Write out the listing exactly, dropping any picture it contains.

*** Opening GIVEN DATA ***

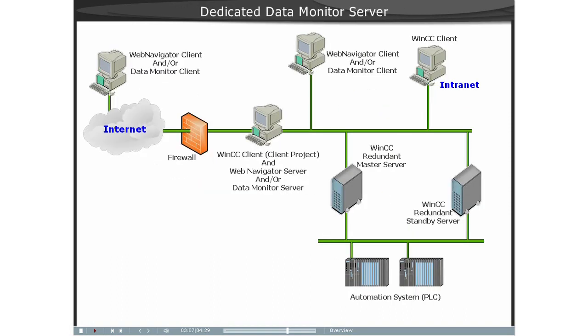The Dedicated Web Server. For the central supply of data to the Web Clients, the installation of a Dedicated Web Server has a particular advantage for larger systems.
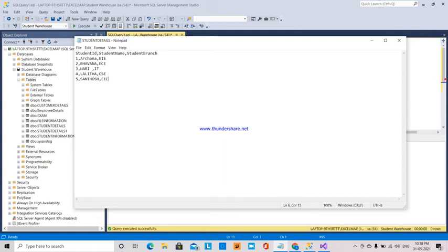Hi, this is Lashmi. Today I am going to explain how data is transferred from a flat file to an SQL server, and I am going to show how many rows have been inserted into that SQL server. That row count I am also going to insert into another table, and I will explain how it is done through SSIS.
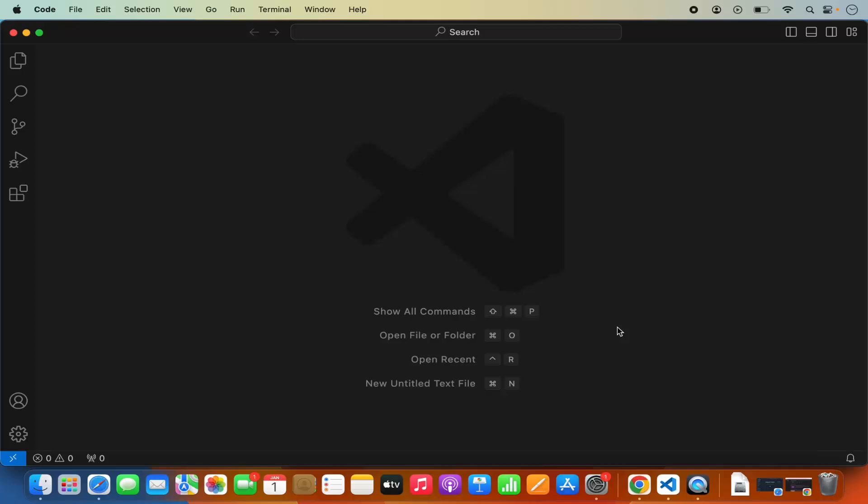Hey guys, in this video I'm going to show you how you can use your Visual Studio Code to query your PostgreSQL server. So let's get started.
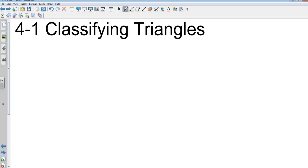Chapter 4-1, Classifying Triangles. There are two things that a triangle can be classified by. What are they? Two things that you can classify a triangle by.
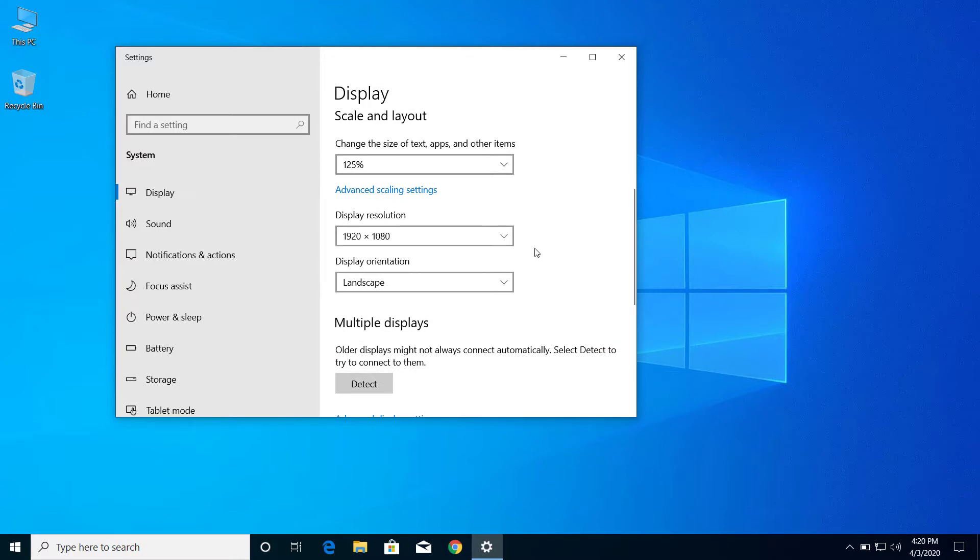So this is how we can change screen resolution on Windows 10. I hope this video will help you to change screen resolution on your computer. Thank you for watching.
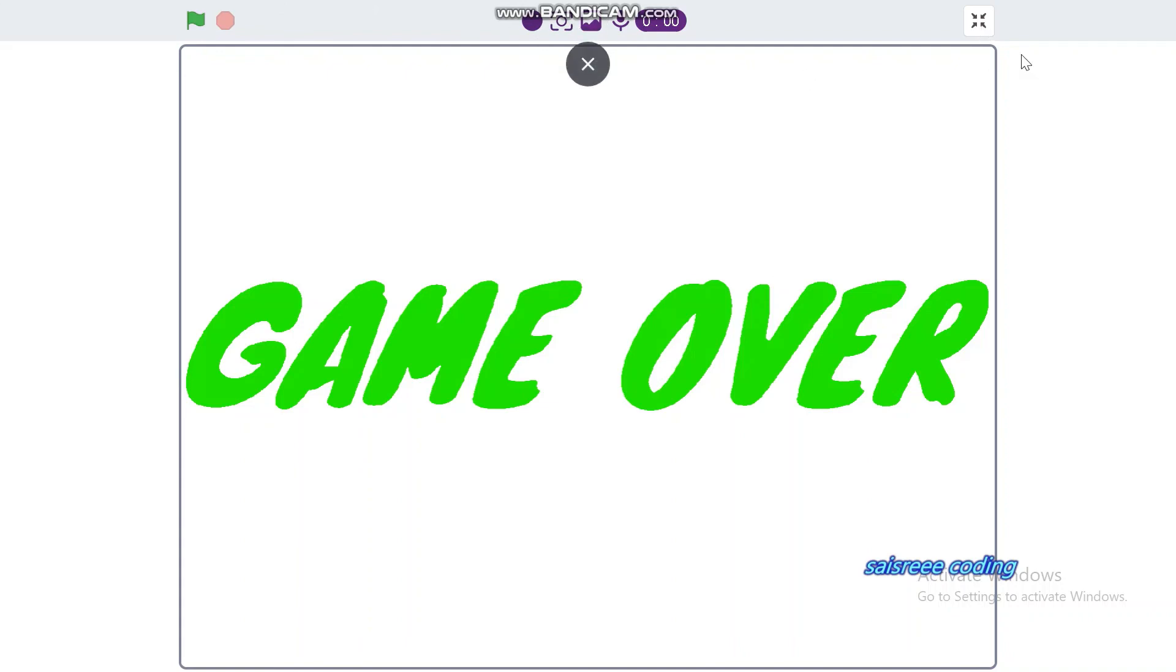Thanks for watching guys. Like this video. Like it. Share it. And don't forget to subscribe our channel, Micro Coding. See you in the next video guys.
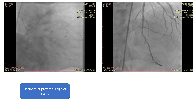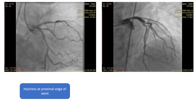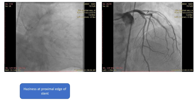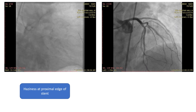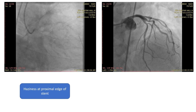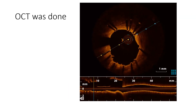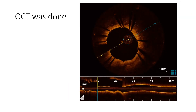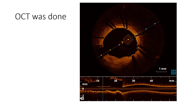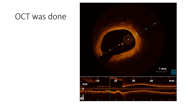This is the result after stenting. We can realize the haziness at the proximal edge of the stent, and now the TIMI flow is 3. To understand what was going on and the significance of this haziness, we did OCT. This is a pullback OCT from the mid part of the stent to the proximal, then to the ostium of the LAD, and then to the left main stem.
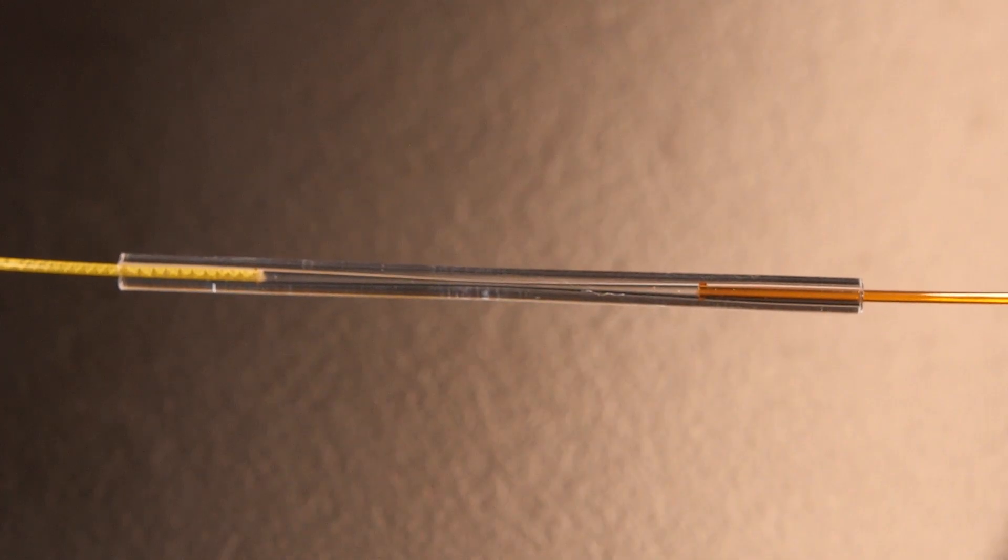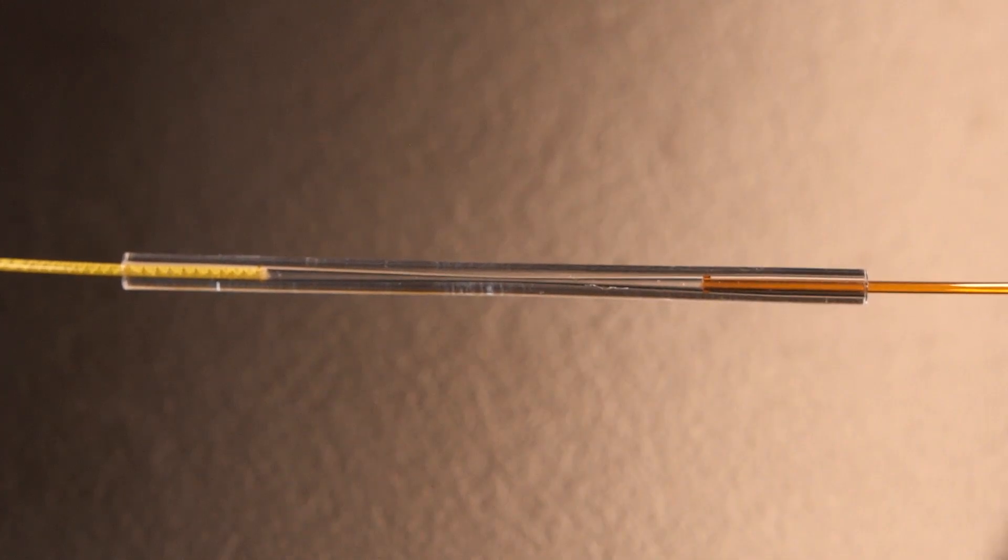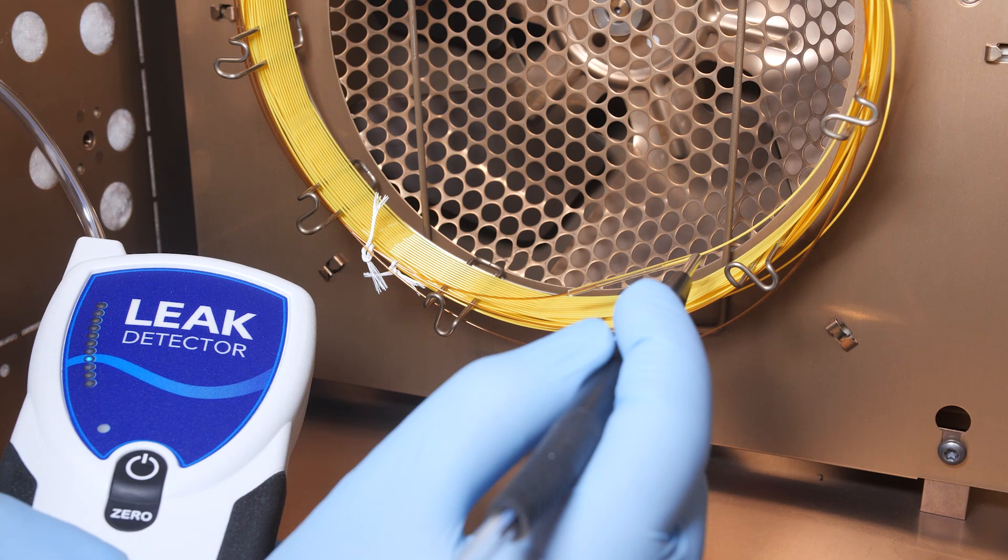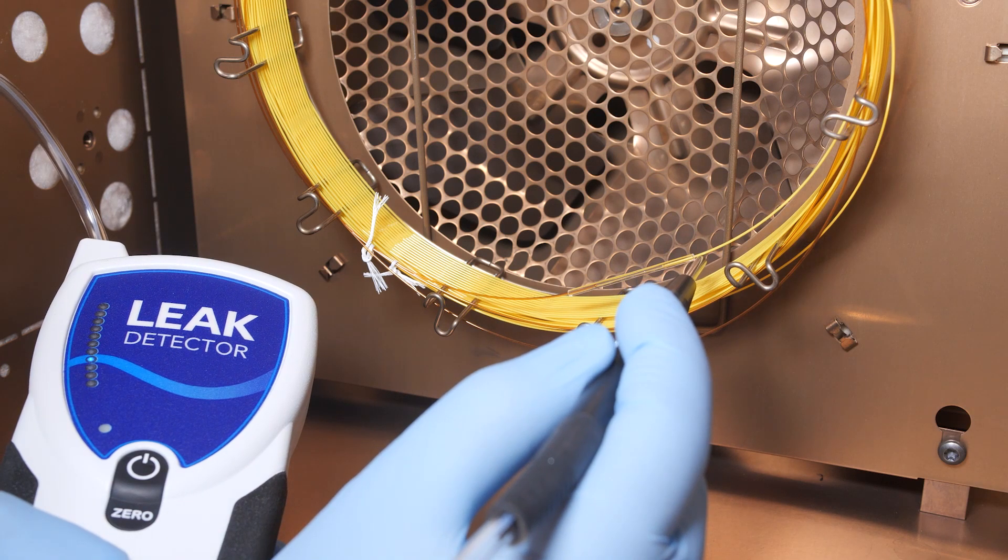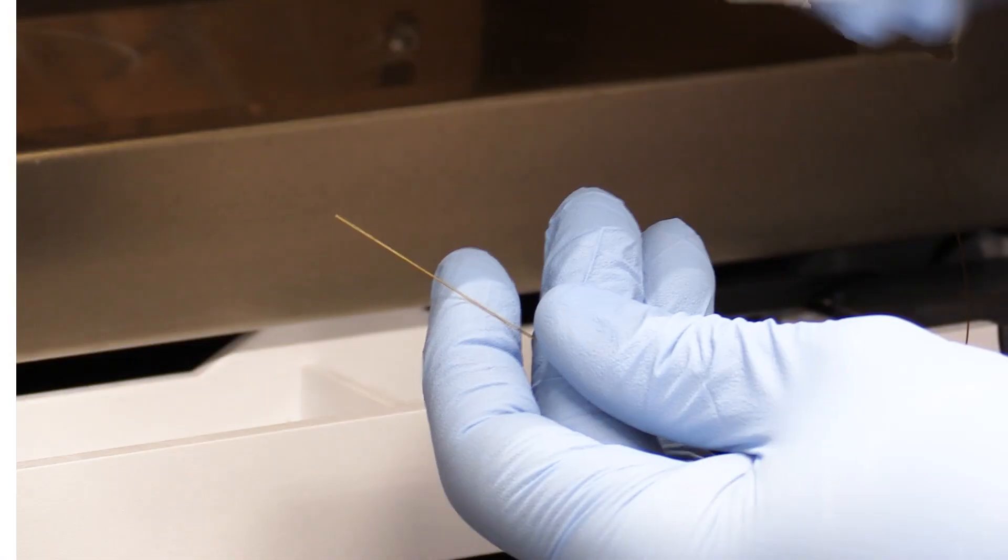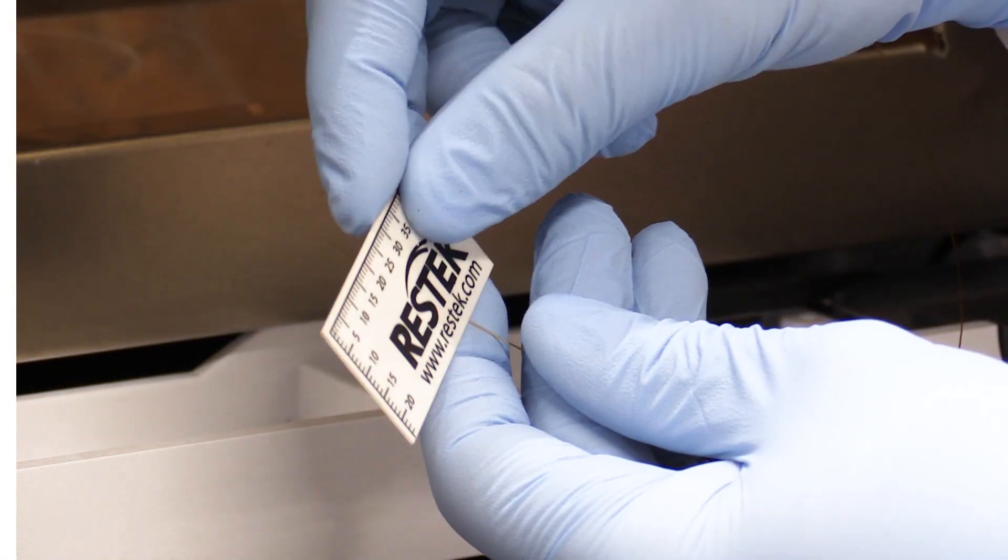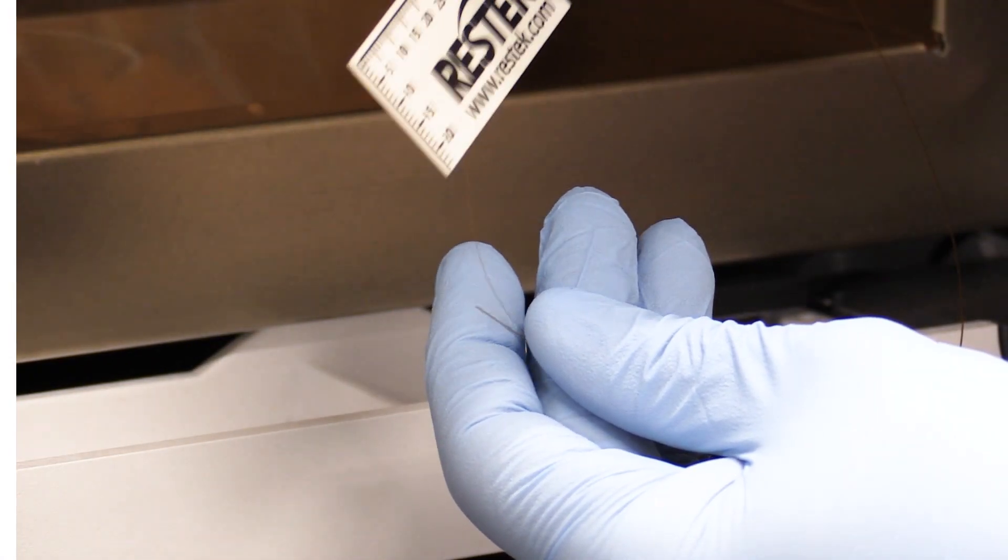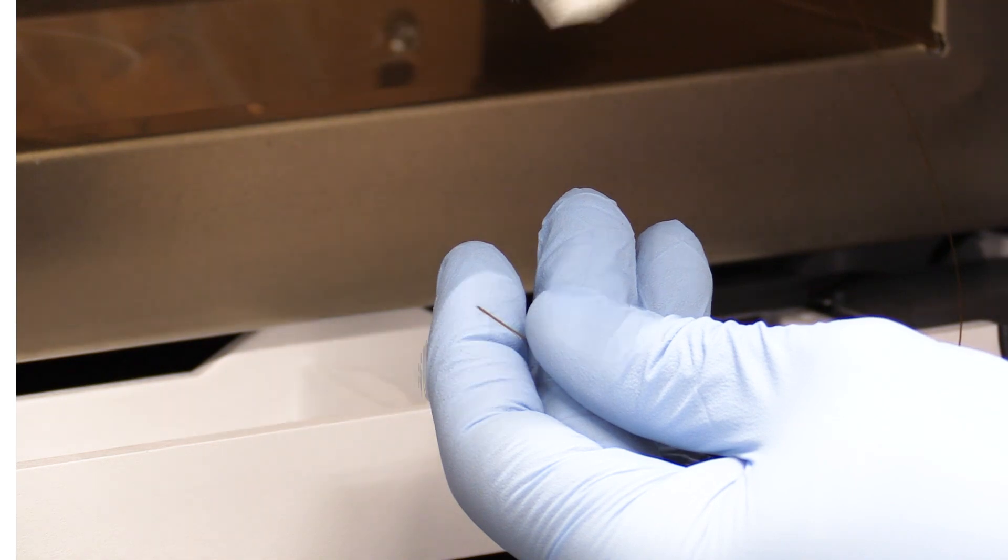Visually inspect both seals and leak check the connections using an electronic leak detector. If you notice a leak, cut a small portion of the column in question and reconnect.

*** Closing GIVEN DATA ***

— TASK SOLUTION —
The Dedicated Web Server. For the central supply of data to the Web Clients, the installation of a Dedicated Web Server has a particular advantage for larger systems.
Hi, this is Lashmi. Today I am going to explain how data is transferred from a flat file to an SQL server, and I am going to show how many rows have been inserted into that SQL server. That row count I am also going to insert into another table, and I will explain how it is done through SSIS.
Hey guys, in this video I'm going to show you how you can use your Visual Studio Code to query your PostgreSQL server. So let's get started.
Chapter 4-1, Classifying Triangles. There are two things that a triangle can be classified by. What are they? Two things that you can classify a triangle by.
So this is how we can change screen resolution on Windows 10. I hope this video will help you to change screen resolution on your computer. Thank you for watching.
Thanks for watching guys. Like this video. Like it. Share it. And don't forget to subscribe our channel, Micro Coding. See you in the next video guys.
This is the result after stenting. We can realize the haziness at the proximal edge of the stent, and now the TIMI flow is 3. To understand what was going on and the significance of this haziness, we did OCT. This is a pullback OCT from the mid part of the stent to the proximal, then to the ostium of the LAD, and then to the left main stem.
Visually inspect both seals and leak check the connections using an electronic leak detector. If you notice a leak, cut a small portion of the column in question and reconnect.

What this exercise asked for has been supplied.